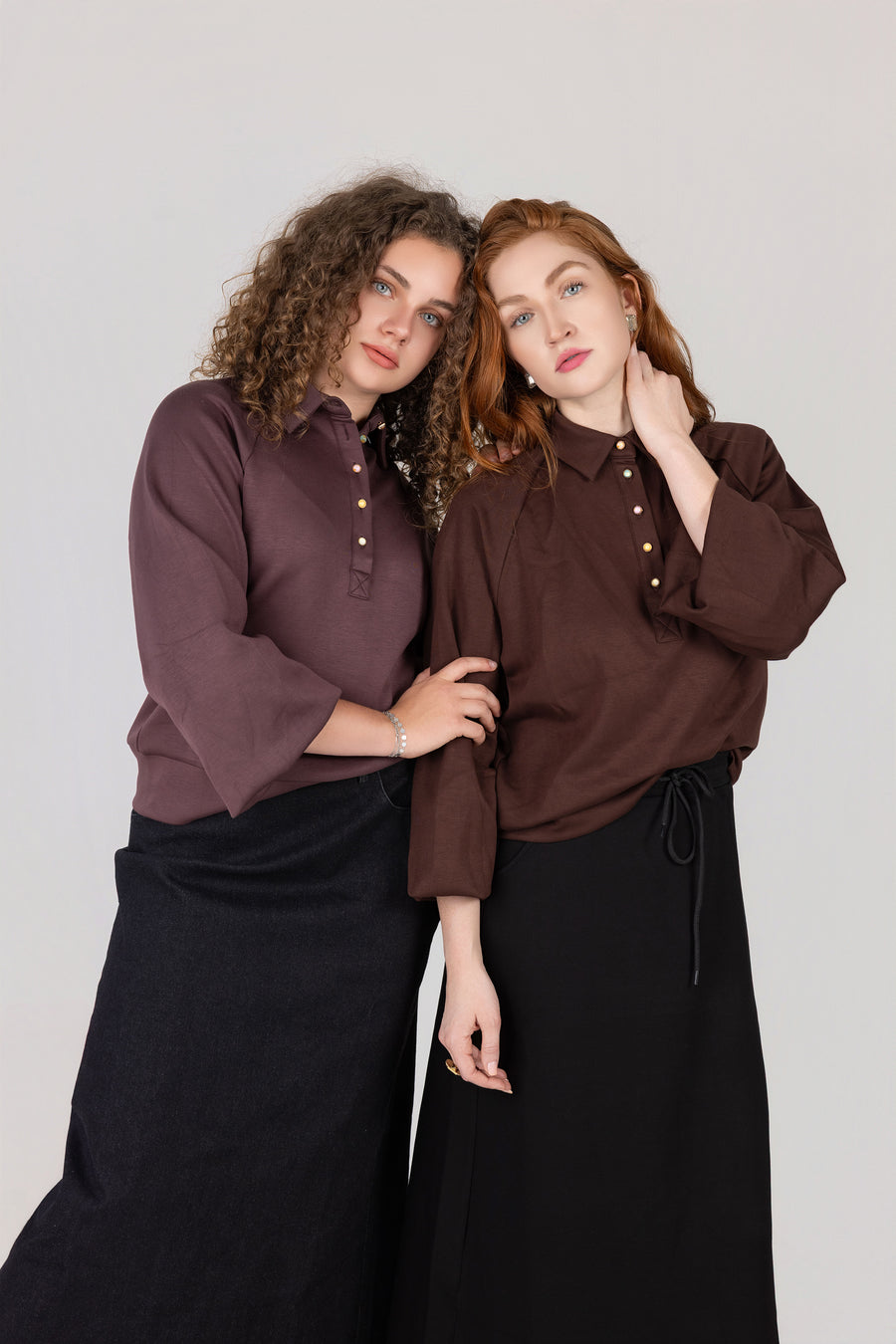 Pearl Collar Sweatshirt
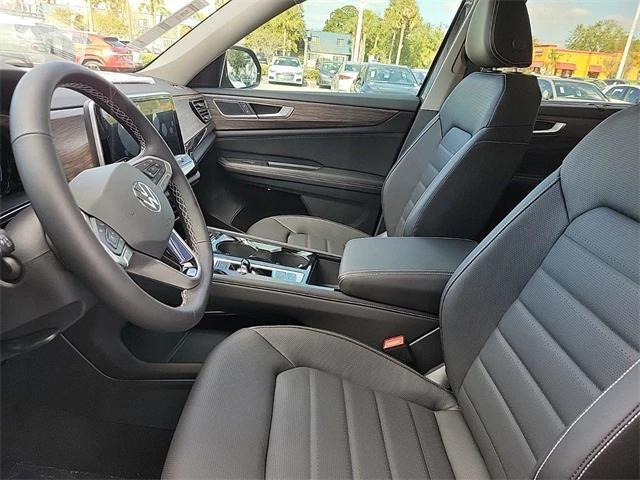 Photo of 2025 Pure Gray Volkswagen Atlas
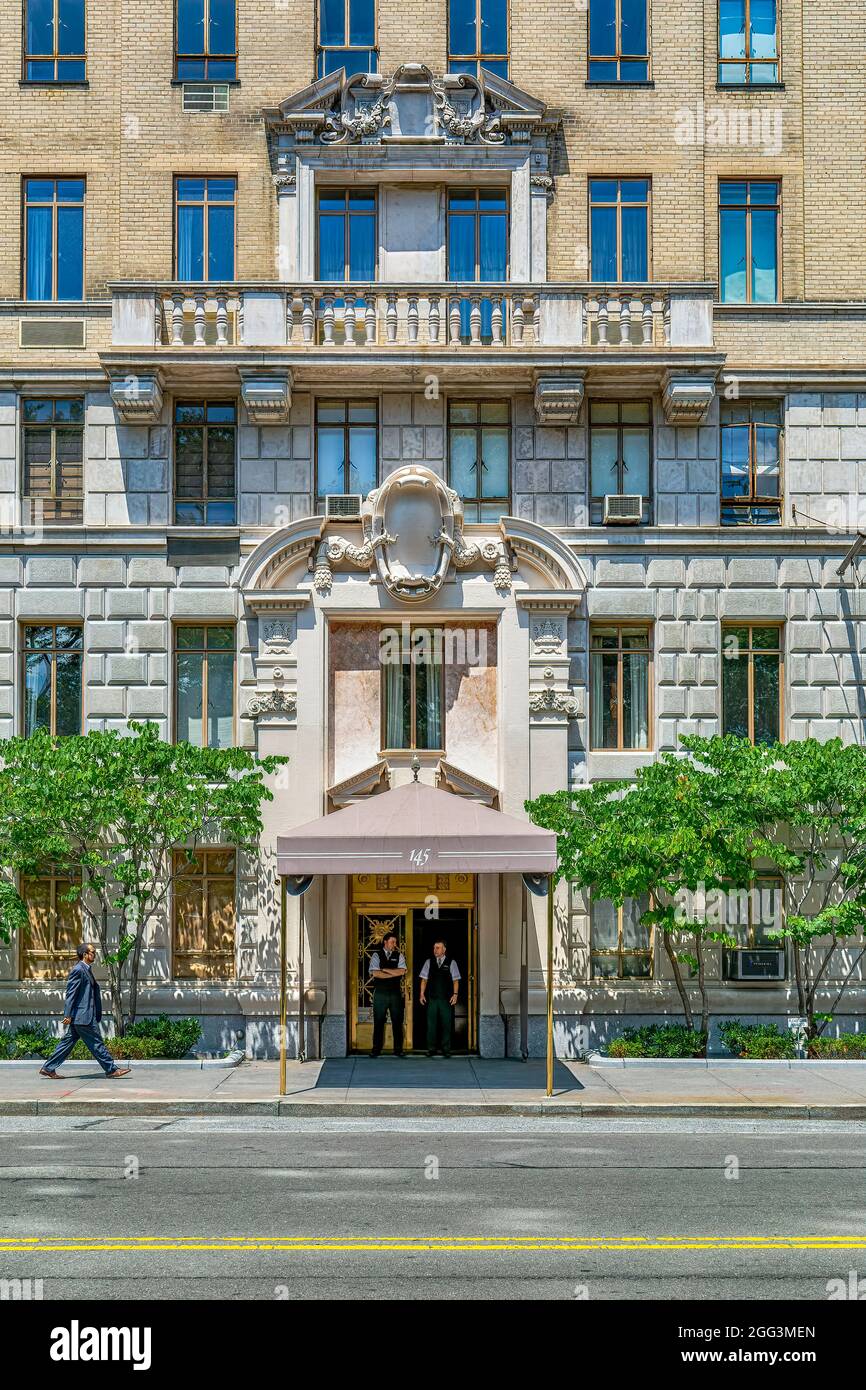 San Remo, 145 Central Park West, New York's first twintower apartment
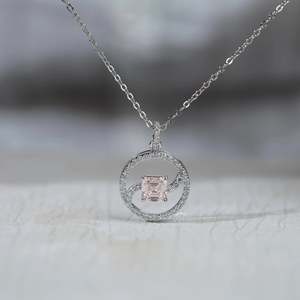 Colgante de Diamante con Corte Asscher en Espiral, Certificado por IGI, con un Estilo Elegante - Product Image 6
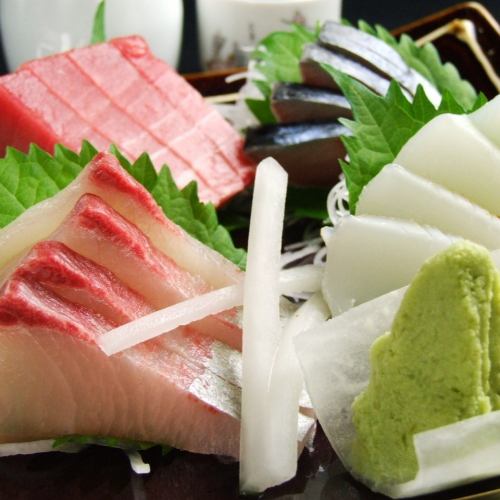 Use seasonal fresh fish ♪ [Assorted sashimi]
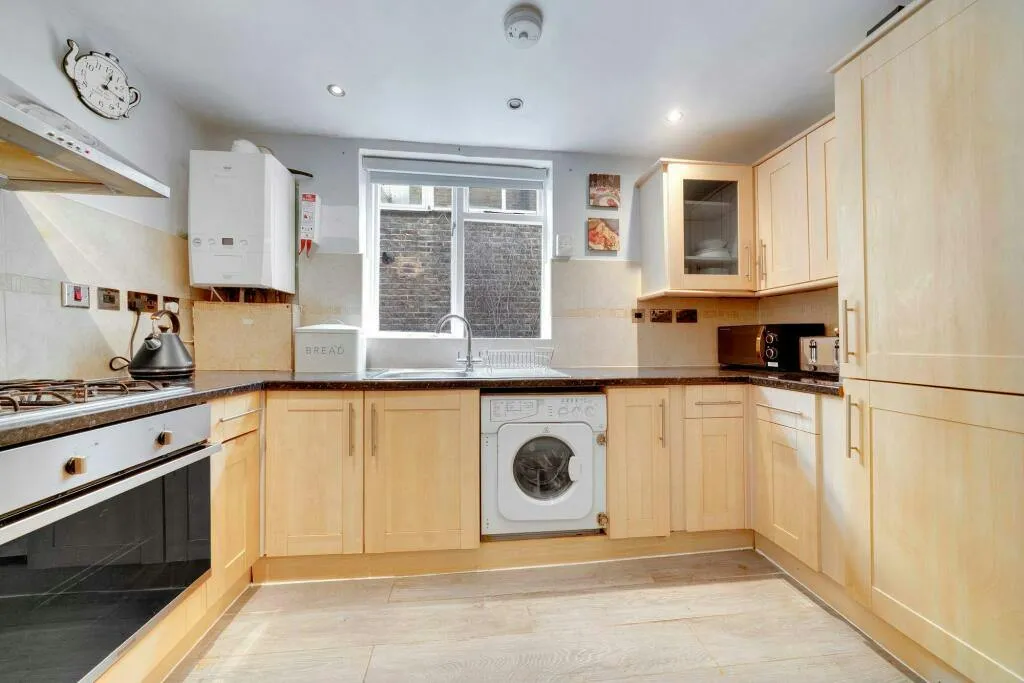 Perham Road, London, W14, photo 2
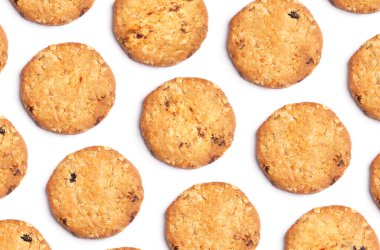 Beyaz arka planda izole edilmiş vanilyalı kurabiye deseni. Yakın çekim görünümü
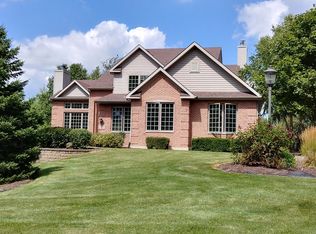 3712 Magnolia Dr, Spring Grove, IL 60081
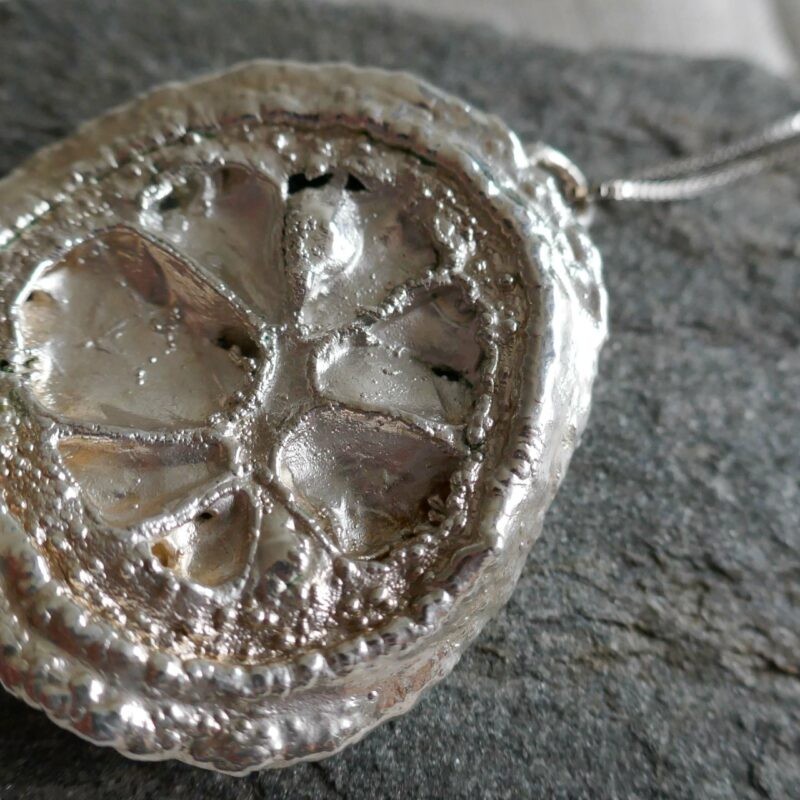 photo-of-citron-pendant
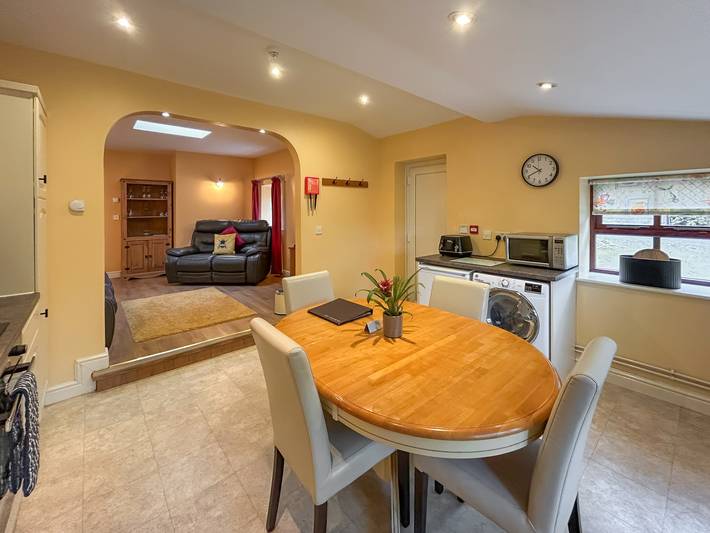 Oak Cottage - Uk52414 in Lonan, Isle of Man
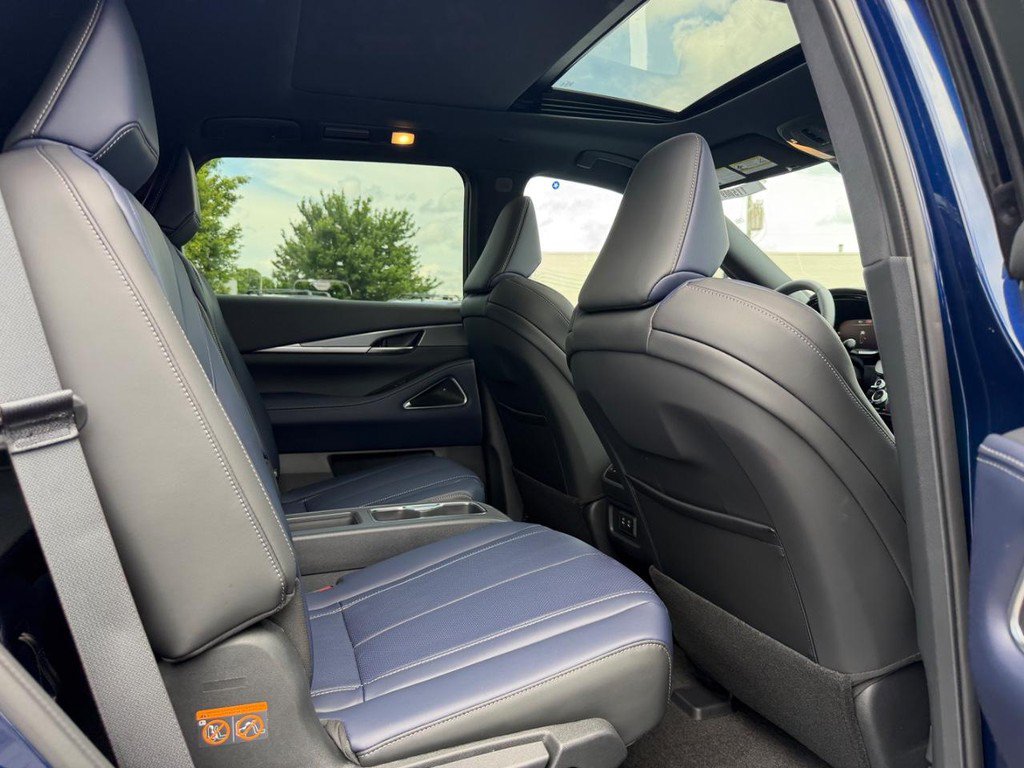 New 2027 INFINITI QX60 Sport w/ Dark Cargo Package AWD/4WD image 4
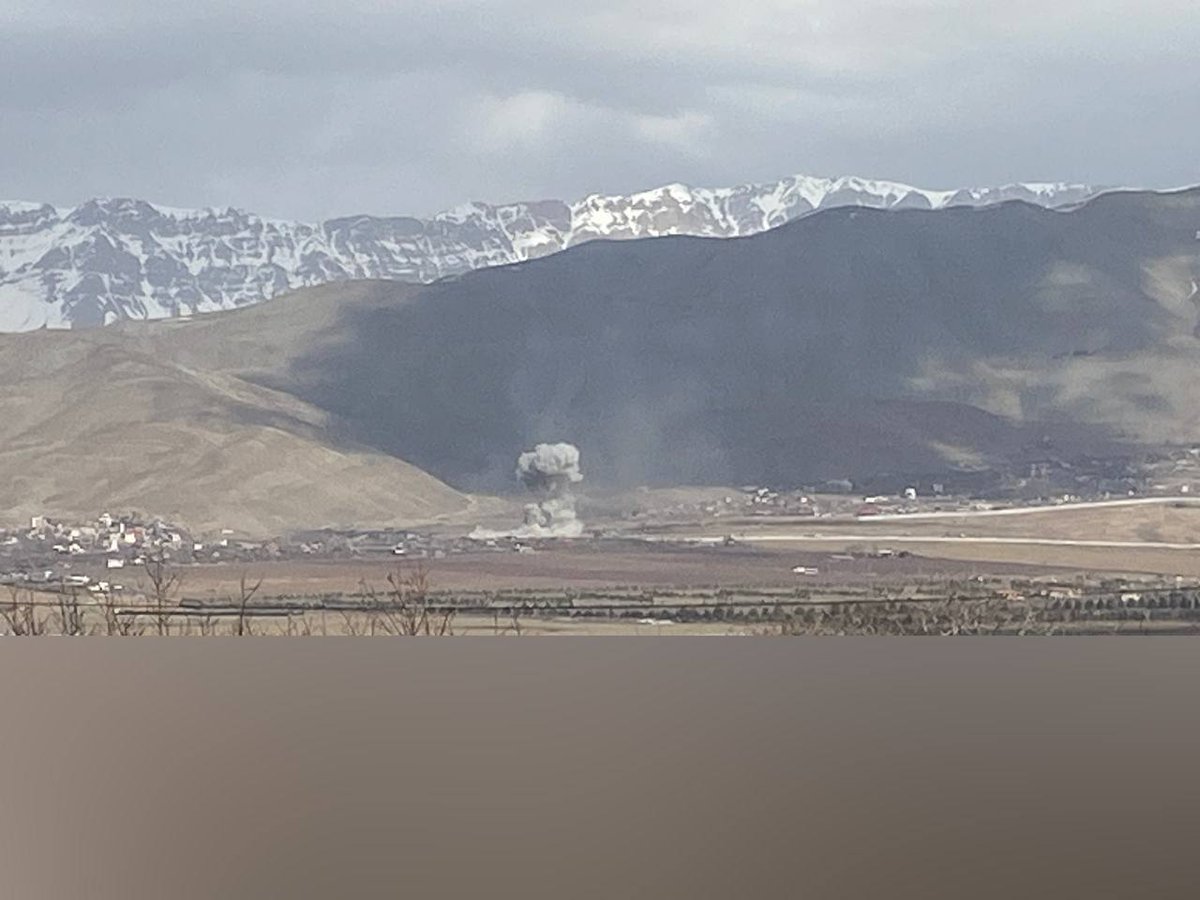 RadarAustral_'s tweet photo. 🇮🇱🇺🇸🇮🇷| Destrucción del cuartel general del CGRI "Heider Karrar" en Damavand, Teherán https://t.co/Aj2kDT05FU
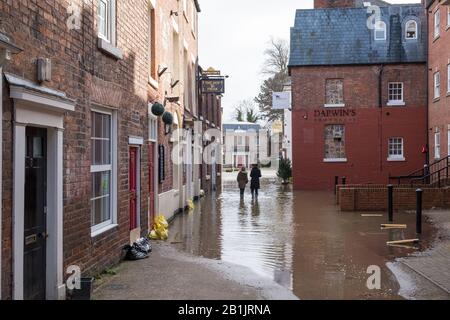 Shrewsbury, Shropshire 25. Februar 2020. Beispiellose Wasserstände am Fluss Severn verursachten schwere Überschwemmungen in ganz Shrewsbury. Stockfoto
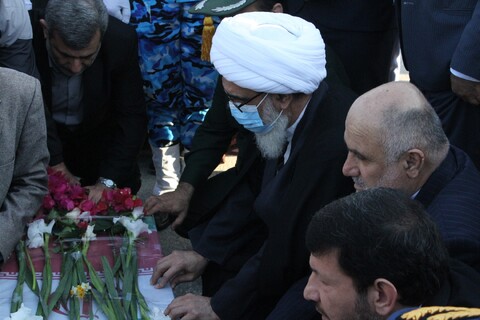 تصاویر/ استقبال بوشهری ها از پیکر مطهر 3 شهید گمنام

________________________________________

__What the exercise asks__: Leave out the pictures and return the listing exactly.

__Solution to this exercise__:
 Pearl Collar Sweatshirt
 Photo of 2025 Pure Gray Volkswagen Atlas
 San Remo, 145 Central Park West, New York's first twintower apartment
 Colgante de Diamante con Corte Asscher en Espiral, Certificado por IGI, con un Estilo Elegante - Product Image 6
 Use seasonal fresh fish ♪ [Assorted sashimi]
 Perham Road, London, W14, photo 2
 Beyaz arka planda izole edilmiş vanilyalı kurabiye deseni. Yakın çekim görünümü
 3712 Magnolia Dr, Spring Grove, IL 60081
 photo-of-citron-pendant
 Oak Cottage - Uk52414 in Lonan, Isle of Man
 New 2027 INFINITI QX60 Sport w/ Dark Cargo Package AWD/4WD image 4
 RadarAustral_'s tweet photo. 🇮🇱🇺🇸🇮🇷| Destrucción del cuartel general del CGRI "Heider Karrar" en Damavand, Teherán https://t.co/Aj2kDT05FU
 Shrewsbury, Shropshire 25. Februar 2020. Beispiellose Wasserstände am Fluss Severn verursachten schwere Überschwemmungen in ganz Shrewsbury. Stockfoto
 تصاویر/ استقبال بوشهری ها از پیکر مطهر 3 شهید گمنام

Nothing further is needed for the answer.